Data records
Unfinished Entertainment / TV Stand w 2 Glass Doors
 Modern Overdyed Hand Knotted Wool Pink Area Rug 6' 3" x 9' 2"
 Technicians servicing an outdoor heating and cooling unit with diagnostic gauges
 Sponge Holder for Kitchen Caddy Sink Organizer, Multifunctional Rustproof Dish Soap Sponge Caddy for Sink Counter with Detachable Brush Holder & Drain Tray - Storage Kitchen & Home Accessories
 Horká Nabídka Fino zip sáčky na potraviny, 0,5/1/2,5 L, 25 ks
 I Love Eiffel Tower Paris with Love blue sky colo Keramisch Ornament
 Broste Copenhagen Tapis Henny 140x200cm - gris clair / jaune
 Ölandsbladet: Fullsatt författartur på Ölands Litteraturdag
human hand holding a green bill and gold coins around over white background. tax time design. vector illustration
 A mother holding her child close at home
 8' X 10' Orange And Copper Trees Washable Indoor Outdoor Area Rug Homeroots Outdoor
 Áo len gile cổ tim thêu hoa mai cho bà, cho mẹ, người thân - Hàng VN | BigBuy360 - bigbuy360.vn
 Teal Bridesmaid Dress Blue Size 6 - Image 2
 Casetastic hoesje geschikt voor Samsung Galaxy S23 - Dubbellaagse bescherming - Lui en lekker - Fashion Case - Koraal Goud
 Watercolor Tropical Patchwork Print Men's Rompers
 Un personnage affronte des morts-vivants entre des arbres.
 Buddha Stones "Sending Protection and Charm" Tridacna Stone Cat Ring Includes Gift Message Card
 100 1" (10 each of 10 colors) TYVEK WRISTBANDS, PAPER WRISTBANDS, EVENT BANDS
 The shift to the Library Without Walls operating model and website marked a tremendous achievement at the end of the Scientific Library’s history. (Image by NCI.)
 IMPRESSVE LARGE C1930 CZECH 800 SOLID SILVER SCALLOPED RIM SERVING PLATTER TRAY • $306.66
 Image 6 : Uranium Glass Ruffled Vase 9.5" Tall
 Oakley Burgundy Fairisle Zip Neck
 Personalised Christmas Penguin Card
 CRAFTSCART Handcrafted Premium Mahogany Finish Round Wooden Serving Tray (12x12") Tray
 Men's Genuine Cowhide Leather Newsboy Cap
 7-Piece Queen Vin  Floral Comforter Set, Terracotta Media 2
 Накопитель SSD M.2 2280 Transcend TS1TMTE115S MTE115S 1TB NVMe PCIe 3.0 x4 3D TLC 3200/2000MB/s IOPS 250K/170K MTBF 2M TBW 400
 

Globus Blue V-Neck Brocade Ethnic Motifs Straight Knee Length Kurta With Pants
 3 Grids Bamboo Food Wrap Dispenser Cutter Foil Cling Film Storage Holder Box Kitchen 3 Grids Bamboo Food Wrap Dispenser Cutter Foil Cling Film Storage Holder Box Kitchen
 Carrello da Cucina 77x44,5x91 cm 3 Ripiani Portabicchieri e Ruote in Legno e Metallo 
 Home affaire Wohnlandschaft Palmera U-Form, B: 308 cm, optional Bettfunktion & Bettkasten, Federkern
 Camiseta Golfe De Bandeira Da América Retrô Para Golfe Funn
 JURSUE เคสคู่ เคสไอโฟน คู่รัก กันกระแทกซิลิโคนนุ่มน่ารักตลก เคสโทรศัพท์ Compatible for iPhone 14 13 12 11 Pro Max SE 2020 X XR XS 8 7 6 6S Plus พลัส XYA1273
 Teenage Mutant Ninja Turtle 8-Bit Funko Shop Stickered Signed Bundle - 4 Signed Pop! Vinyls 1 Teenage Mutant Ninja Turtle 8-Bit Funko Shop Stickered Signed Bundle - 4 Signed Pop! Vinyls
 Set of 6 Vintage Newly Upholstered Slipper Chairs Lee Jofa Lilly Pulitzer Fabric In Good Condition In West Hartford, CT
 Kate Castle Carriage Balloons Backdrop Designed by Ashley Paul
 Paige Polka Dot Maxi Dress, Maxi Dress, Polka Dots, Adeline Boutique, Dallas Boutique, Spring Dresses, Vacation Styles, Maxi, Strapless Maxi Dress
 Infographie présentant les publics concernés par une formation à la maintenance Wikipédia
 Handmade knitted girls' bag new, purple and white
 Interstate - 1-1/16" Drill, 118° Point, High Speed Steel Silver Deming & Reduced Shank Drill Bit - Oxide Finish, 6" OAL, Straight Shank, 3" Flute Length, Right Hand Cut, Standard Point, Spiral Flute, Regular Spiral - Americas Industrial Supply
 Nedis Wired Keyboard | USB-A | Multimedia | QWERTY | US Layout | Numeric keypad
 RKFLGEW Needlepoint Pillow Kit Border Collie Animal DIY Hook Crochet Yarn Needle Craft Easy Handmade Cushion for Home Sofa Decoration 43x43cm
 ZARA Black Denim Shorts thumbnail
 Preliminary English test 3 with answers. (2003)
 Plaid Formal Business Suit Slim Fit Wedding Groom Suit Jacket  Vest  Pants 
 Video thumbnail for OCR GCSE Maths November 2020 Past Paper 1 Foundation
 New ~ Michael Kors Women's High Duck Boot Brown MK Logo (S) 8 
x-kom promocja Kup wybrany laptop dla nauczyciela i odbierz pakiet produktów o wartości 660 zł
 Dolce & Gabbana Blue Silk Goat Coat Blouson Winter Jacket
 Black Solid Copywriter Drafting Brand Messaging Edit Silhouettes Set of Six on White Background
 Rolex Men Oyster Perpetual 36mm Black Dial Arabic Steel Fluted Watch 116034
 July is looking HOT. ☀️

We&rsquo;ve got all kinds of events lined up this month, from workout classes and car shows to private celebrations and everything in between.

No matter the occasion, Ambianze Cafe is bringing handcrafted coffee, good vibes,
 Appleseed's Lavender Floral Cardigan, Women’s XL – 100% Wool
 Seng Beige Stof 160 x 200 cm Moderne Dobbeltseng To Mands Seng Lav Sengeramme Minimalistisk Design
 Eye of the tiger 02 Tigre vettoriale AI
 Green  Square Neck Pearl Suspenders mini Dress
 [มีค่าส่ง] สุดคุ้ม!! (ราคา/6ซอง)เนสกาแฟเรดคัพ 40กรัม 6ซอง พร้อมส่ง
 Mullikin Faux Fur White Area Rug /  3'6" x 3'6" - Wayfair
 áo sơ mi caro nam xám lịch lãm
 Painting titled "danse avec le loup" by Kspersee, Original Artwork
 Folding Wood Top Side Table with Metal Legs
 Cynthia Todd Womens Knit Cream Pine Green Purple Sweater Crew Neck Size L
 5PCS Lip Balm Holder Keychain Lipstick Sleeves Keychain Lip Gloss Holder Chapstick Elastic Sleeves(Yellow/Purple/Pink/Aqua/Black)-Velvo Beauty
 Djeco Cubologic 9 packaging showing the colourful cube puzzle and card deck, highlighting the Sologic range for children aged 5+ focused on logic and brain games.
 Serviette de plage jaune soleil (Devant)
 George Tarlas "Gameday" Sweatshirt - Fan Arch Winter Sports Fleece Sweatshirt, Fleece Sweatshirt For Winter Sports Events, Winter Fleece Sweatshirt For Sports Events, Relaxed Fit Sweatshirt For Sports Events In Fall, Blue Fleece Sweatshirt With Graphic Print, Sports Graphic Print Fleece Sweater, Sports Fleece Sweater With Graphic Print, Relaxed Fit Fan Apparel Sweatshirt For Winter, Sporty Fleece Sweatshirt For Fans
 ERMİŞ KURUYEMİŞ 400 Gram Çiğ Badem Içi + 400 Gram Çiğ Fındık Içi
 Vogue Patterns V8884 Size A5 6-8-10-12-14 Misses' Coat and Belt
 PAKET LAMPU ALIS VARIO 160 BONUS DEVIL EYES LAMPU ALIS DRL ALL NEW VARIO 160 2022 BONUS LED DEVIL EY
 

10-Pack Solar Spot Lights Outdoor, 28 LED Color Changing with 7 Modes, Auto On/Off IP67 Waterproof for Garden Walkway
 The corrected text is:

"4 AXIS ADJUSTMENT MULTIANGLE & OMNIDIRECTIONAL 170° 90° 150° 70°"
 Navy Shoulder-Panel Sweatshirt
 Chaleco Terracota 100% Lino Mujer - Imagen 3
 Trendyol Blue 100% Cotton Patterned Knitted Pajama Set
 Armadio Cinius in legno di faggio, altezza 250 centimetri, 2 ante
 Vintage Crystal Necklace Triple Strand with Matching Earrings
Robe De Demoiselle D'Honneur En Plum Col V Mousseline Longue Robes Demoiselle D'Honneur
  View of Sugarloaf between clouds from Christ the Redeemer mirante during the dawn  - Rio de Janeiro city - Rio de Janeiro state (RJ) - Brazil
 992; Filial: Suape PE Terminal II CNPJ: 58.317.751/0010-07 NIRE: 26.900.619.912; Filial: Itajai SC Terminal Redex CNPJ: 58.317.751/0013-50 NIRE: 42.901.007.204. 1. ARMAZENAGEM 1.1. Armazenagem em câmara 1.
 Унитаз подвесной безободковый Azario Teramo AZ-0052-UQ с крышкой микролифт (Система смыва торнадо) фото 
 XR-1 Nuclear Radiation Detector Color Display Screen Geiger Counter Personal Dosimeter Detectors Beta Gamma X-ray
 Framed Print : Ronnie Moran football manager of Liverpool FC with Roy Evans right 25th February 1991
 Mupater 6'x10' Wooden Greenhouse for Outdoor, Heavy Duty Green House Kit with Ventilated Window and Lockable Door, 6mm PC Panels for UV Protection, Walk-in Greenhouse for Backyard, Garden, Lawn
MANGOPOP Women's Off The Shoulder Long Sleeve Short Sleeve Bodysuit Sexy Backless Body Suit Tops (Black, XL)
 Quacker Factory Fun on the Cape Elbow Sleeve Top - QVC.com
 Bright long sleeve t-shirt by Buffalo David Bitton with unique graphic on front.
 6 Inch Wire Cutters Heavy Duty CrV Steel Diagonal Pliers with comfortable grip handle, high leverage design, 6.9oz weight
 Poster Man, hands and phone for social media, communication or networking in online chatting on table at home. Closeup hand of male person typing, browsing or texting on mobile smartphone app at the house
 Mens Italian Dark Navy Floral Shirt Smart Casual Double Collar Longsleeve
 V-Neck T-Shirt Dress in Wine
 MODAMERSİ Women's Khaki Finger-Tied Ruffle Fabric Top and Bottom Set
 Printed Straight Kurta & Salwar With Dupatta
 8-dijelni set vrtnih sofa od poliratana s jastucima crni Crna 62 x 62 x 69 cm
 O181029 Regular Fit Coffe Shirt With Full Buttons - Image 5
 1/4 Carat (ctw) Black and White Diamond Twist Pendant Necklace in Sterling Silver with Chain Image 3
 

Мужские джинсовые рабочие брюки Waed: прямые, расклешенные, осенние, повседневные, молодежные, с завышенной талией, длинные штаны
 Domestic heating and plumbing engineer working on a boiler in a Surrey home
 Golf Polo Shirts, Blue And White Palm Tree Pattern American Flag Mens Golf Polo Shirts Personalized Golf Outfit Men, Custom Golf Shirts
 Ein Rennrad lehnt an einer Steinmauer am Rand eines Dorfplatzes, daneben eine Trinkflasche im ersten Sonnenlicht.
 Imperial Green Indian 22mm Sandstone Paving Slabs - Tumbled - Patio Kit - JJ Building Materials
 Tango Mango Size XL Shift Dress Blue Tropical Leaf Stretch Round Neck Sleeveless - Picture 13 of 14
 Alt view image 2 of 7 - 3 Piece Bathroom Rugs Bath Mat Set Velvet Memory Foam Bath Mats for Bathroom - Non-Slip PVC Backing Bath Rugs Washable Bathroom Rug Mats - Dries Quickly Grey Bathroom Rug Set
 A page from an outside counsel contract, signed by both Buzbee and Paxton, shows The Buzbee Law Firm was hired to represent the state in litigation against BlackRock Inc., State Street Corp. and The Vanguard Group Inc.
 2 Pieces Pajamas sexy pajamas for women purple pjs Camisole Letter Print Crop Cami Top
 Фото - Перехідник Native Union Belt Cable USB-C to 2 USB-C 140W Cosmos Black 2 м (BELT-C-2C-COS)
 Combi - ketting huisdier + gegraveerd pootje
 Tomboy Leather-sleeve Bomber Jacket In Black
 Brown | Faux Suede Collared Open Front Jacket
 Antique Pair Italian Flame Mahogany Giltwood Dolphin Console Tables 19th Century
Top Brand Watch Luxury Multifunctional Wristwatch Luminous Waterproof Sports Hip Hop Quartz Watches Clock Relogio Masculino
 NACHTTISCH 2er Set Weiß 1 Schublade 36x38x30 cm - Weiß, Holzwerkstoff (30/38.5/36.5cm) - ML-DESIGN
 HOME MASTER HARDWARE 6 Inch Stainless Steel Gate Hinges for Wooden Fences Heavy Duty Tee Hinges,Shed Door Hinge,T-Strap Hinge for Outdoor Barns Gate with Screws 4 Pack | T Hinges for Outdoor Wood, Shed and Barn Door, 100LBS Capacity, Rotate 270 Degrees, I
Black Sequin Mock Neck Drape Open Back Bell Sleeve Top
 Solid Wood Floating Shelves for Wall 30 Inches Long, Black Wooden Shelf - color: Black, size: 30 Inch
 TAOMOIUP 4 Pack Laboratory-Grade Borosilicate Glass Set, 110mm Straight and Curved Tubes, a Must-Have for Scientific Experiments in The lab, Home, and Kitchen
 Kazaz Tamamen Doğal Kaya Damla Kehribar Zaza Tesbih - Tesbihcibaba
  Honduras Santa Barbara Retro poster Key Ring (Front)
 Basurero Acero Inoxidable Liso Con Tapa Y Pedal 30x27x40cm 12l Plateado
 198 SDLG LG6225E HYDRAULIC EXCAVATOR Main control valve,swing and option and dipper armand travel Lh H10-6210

_The problem:_
What you give back must be the stretch above, starting at the line with "Preliminary English test" and ending at the line with "Appleseed's Lavender Floral", copied exactly.

_Result of this exercise:_
 Preliminary English test 3 with answers. (2003)
 Plaid Formal Business Suit Slim Fit Wedding Groom Suit Jacket  Vest  Pants 
 Video thumbnail for OCR GCSE Maths November 2020 Past Paper 1 Foundation
 New ~ Michael Kors Women's High Duck Boot Brown MK Logo (S) 8 
x-kom promocja Kup wybrany laptop dla nauczyciela i odbierz pakiet produktów o wartości 660 zł
 Dolce & Gabbana Blue Silk Goat Coat Blouson Winter Jacket
 Black Solid Copywriter Drafting Brand Messaging Edit Silhouettes Set of Six on White Background
 Rolex Men Oyster Perpetual 36mm Black Dial Arabic Steel Fluted Watch 116034
 July is looking HOT. ☀️

We&rsquo;ve got all kinds of events lined up this month, from workout classes and car shows to private celebrations and everything in between.

No matter the occasion, Ambianze Cafe is bringing handcrafted coffee, good vibes,
 Appleseed's Lavender Floral Cardigan, Women’s XL – 100% Wool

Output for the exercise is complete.